Here is an example of use of these functions:

test=# SELECT get_session_id();
   get_session_id   
--------------------
 {1527703231,11007}

test=# SELECT generate_lsid(1527703231,11007);
   generate_lsid    
--------------------
 {1527703231,11007}

test=# SELECT get_session_start_time(get_session_id());
 get_session_start_time 
------------------------
             1527703231

test=# SELECT get_session_pid(get_session_id());
 get_session_pid 
-----------------
           11007

Behind the background worker

The pgtt_bgw background worker is responsible of removing all rows that are no more visible to any running session or transaction.

To achieve that it wakes up each naptime (default 5 seconds) and creates dedicated dynamic background workers to connect to each database. When the pgtt extension is found in the database it calls the pgtt_schema.pgtt_maintenance() function.

The first argument of the function is the iteration number, 0 mean that the background worker was just started so Global Temporary tables must be truncated. The iteration number is incremented each time the background worker wakes up.

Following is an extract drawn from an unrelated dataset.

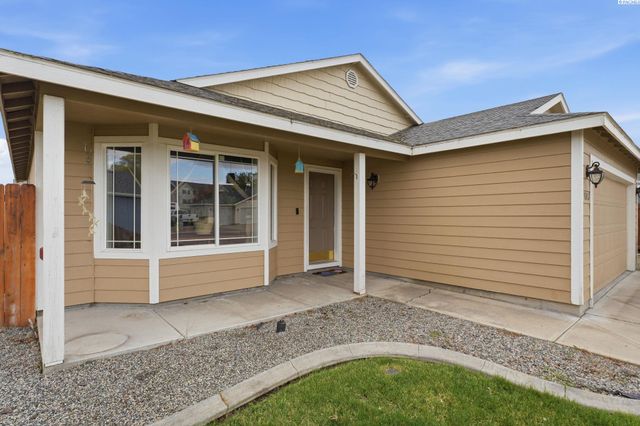 9316 Mustang Dr, Pasco, WA 99301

To avoid too much performances lost when the background worker is deleting rows the number of rows removed at one time is defined by the pgtt_chunk_size GUC. It is passed to the function as second parameter, default: 250000.

The third parameter is use to force an ANALYZE to be perform just after obsolete rows have been removed. Default is to leave autoanalyze do the work.

The pgtt_schema.pgtt_maintenance() has the following actions:

  1. Look for relation id in table pgtt_schema.pgtt_global_temp.
  2. Remove all references to the relation if it has been dropped.
  3. If the relation exists it truncate the GTT table when the worker is run at postmaster startup then exit.
  4. For other iteration it delete rows from the Global Temporary table where the pid stored in pgtt_sessid doesn't appears in view pg_stat_activity or if the xmim is not fount in the same view, looking at pid and backend_xid columns. Xmin is verified only if the Global Temporary table is declared to delete rows on commit, when preserved is false.
  5. When an analyze is asked the function execute an ANALYZE on the table after having removed obsolete tuples. THe default is to let autoanalyze do is work.

The function returns the total number of rows deleted. It must not be run manually but only run by pgtt_bgw the background worker.